Diário da queda narra a história de um personagem de família judia cujo avô havia sofrido com as atrocidades de Auschwitz e cujo pai lembrava-lhe disso frequentemente. Estudando numa escola judia, o narrador, aos 13 anos, participou de uma agressão a João, garoto pobre e não judeu, experiência que de certa maneira mudaria sua vida: “Para mim tudo começa aos treze anos, quando deixei João cair na festa de aniversário”. O caso é descrito com violência contundente, transformando a relação do protagonista com seu pai e consigo mesmo.
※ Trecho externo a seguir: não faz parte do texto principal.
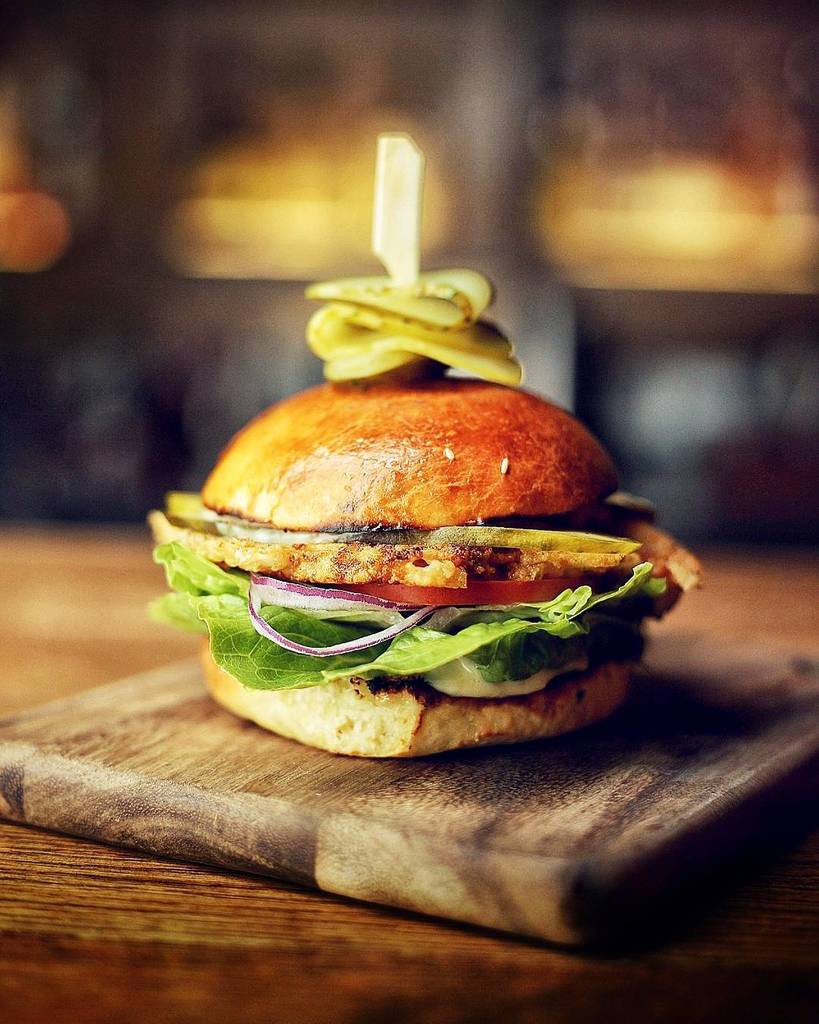 Say hello to our vegetarian friendly Saganaki Burger. Whisky and cheese make such a mouth … ift.tt/2kovEX1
A agressão a João vai irromper uma série de comparações com a violência da perseguição aos judeus e mostrar como o excluído – o judeu, no caso – pode tornar-se um agressor.

Está em questão, a todo momento, o movimento de narratividade: “Quando criança eu sonhava com […] as suásticas ou as tochas dos cossacos do lado de fora da janela, como se qualquer pessoa na rua estivesse pronta para me vestir um pijama com uma estrela e me enfiar num trem que ia ruma às chaminés, mas com os anos isso foi mudando. […] Alguma coisa muda quando você vê o seu pai repetindo a mesma coisa uma, duas ou quinhentas vezes, e de repente você não consegue mais acompanhá-lo, se sentir tão afetado por algo que aos poucos, à medida que você fica mais velho, aos treze anos, em Porto Alegre, morando numa casa com piscina e tendo sido capaz de deixar um colega cair de costas no aniversário, aos poucos você percebe que isso tudo tem muita pouca relação com a sua vida.”

A experiência do protagonista com a narratividade atravessa muitos discursos ao longo do romance: a fala do pai acerca da perseguição aos judeus; os 16 cadernos que formam os diários de seu avô, que em nenhuma de suas linhas trata do holocausto, silenciando a experiência traumática; os diários de seu pai, onde se observa a tentativa de manutenção da memória, que se esvai com o Alzheimer, e, por fim, a própria relação do personagem com a sua biografia. Há, portanto, biografias entrelaçadas e distintos modos de o narrador se posicionar e experimentar a memória. O narrador alcança, dessa maneira, uma compreensão da escrita como possibilidades de gestos políticos: o escamoteamento de um problema, a insistência em subscrevê-lo, a negação das origens, o conflito entre as diferenças.

O NOVO JABUTI

A Câmara Brasileira do Livro anunciou que a 53a edição do prêmio Jabuti vai sofrer mudanças. Ele será ampliado de 21 para 29 categorias, trazendo para a disputa gêneros que até então eram excluídos, como as HQ. Busca-se dessa maneira premiar novos segmentos que têm recebido grande atenção do mercado editorial brasileiro.

Além disso, em cada categoria haverá apenas um vencedor, ao contrário das edições anteriores, quando eram premiados os três melhores livros. Dos vencedores de cada categoria, vão ser escolhidos o melhor livro de ficção do ano e o melhor livro de não-ficção, cada qual recebendo R$ 30 mil (cerca de € 14 mil).

Trata-se das maiores mudanças sofridas desde a criação do Jabuti da CBL. Elas se explicam pela controversa premiação de Leite derramada, de Chico Buarque, como livro do ano de 2010. O romance havia conquistado, em sua categoria, a segunda colocação, o que se revelou uma grande contradição.